『敗戦とラジオ』再放送(11月7日、夜10時~)を見て(1)あの頃のラジオを思い出しつつ
今年の8月15日ETV特集を見逃してしまった。再放送もうっかり忘れるところだった。録画も取り損ね、これも加齢現象の一つかとやや気落ちしているところなのだ。

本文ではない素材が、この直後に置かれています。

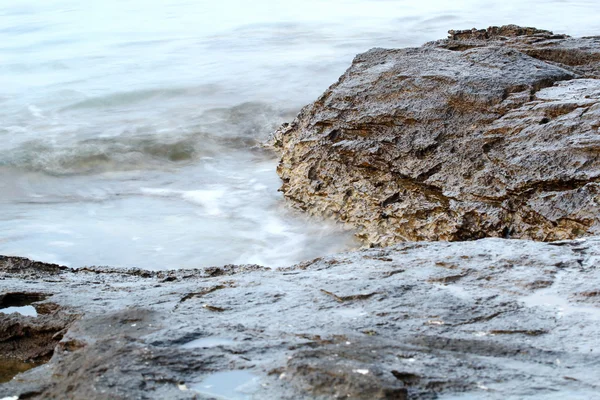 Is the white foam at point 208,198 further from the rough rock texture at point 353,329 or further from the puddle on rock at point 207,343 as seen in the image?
the puddle on rock at point 207,343

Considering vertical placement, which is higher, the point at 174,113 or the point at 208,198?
the point at 174,113

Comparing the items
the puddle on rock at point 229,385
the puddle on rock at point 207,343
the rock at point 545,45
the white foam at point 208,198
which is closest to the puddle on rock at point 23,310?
the puddle on rock at point 207,343

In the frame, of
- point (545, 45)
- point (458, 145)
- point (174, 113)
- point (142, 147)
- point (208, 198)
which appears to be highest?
point (545, 45)

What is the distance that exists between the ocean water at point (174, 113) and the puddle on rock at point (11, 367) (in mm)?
2593

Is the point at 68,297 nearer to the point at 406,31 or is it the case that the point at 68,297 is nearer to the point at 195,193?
the point at 195,193

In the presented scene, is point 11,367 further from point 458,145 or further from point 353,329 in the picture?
point 458,145

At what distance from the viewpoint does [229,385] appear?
1988 millimetres

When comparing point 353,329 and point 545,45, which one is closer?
point 353,329

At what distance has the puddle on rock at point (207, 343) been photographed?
2.23m

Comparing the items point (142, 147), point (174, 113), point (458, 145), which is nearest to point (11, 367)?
point (458, 145)

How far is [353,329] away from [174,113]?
7.63m

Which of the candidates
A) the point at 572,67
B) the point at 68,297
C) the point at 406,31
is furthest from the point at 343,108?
the point at 406,31

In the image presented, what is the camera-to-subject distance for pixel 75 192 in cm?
712

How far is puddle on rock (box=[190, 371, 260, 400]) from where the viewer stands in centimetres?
193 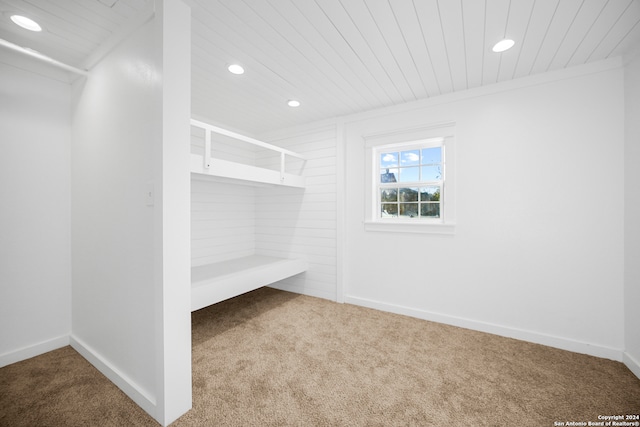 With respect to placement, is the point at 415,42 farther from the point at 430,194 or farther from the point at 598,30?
the point at 430,194

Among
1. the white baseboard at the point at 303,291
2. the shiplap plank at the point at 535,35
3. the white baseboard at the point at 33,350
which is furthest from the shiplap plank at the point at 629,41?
the white baseboard at the point at 33,350

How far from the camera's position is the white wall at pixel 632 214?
1920 millimetres

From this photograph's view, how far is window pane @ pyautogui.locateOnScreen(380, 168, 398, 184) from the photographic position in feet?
10.6

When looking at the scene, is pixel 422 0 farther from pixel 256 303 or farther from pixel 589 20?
pixel 256 303

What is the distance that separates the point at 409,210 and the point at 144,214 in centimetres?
271

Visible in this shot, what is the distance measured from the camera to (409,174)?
313 cm

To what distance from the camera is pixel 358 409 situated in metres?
1.57

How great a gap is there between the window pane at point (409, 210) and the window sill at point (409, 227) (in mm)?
142

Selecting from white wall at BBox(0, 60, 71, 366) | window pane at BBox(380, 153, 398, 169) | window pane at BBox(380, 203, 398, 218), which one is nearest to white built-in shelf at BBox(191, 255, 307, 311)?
white wall at BBox(0, 60, 71, 366)

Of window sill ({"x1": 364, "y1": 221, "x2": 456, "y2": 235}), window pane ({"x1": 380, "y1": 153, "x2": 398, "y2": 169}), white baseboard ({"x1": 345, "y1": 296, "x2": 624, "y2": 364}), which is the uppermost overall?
window pane ({"x1": 380, "y1": 153, "x2": 398, "y2": 169})

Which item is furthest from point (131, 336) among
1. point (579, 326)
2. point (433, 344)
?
point (579, 326)

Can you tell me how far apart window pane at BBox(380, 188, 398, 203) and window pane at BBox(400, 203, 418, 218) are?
133mm

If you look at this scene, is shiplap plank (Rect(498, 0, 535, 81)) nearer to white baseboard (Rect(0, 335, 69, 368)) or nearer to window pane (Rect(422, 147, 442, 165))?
window pane (Rect(422, 147, 442, 165))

番組の「敗戦とラジオ」は、GHQの検閲下で、NHKの先輩たちがいかに頑張ったのかの視点で、現在のスタッフが、当時の放送人たちが残した記録やインタビューによって描いたものだ。世相や政治を風刺コントや歌で批判したという「日曜娯楽版」(1947年10月12日~1952年6月8日)が、被占領下のNHK放送における抵抗の軌跡のように、一条の光のように、語り継がれるのだった。が、果たしてそれだけで完結してしまってよかったのだろうか。「NHKにもこんな歴史があった」という郷愁が色濃く漂っていた。その先の、今の放送人や視聴者たちがそこから何を学び、このメデイアの激変、メデイアの危機に直面して何をなすべきかの緊張感に欠けているように思われたからである。素材の提供という緩やかなメッセージで終わってしまったのが残念だった。ないものねだりでなく、視聴者としても考えさせられる番組だった。

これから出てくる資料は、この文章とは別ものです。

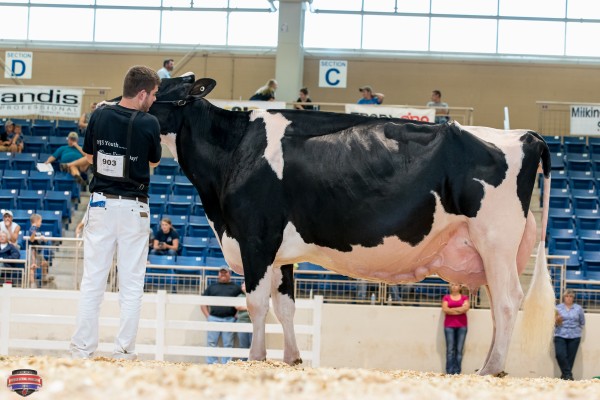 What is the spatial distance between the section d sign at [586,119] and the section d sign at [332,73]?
7103mm

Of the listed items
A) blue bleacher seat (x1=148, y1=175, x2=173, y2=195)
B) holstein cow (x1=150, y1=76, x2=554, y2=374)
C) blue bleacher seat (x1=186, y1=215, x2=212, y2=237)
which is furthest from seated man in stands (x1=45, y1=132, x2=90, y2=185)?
holstein cow (x1=150, y1=76, x2=554, y2=374)

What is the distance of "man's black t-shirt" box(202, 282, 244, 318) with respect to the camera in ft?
52.8

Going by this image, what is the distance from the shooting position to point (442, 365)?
1655cm

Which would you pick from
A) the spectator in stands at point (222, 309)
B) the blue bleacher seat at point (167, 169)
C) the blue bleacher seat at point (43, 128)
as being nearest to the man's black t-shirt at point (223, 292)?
the spectator in stands at point (222, 309)

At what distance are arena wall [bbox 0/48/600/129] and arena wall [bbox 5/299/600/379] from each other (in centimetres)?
1194

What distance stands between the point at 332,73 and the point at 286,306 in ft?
64.7

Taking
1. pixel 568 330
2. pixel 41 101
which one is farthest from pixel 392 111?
pixel 41 101

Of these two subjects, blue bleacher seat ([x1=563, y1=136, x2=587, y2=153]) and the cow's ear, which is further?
→ blue bleacher seat ([x1=563, y1=136, x2=587, y2=153])

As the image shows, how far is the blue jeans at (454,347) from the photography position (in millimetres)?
16188

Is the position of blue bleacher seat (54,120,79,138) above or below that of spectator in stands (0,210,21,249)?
above

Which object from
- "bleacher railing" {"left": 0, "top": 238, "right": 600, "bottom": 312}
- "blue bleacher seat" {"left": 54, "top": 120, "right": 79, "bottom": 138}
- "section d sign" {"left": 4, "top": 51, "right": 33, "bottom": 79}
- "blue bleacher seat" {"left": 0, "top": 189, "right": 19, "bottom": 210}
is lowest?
"bleacher railing" {"left": 0, "top": 238, "right": 600, "bottom": 312}

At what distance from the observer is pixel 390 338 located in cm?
1650

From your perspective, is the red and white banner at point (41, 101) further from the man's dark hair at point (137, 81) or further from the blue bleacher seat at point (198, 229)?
the man's dark hair at point (137, 81)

私も「日曜娯楽版」の「冗談音楽」のオープニングや「僕は特急の機関士で」などが口をついて出てくるほどだから、子供ながら聴いていた世代なのだろう。やはり、「鐘の鳴る丘」(1947年7月5日~1950年12月29日)、「向う三軒両隣り」(1947年7月1日~1953年4月10日)「三太物語」(1950年4月30日~1951年10月28日)などの記憶の方が鮮明だ。クイズの「二十の扉」(1947年11月1日~1960年4月2日)、「話の泉」(1946年12月3日~1964年3月31日)、 「私は誰でしょう」「とんち教室」(いずれも1949年1月3日~?)などにもよく耳を傾けていたことが思い出される。そこに登場する回答者の柴田早苗、石黒敬七って何をしている人だろうね、と大人たちが話しているのを聞いたこともある。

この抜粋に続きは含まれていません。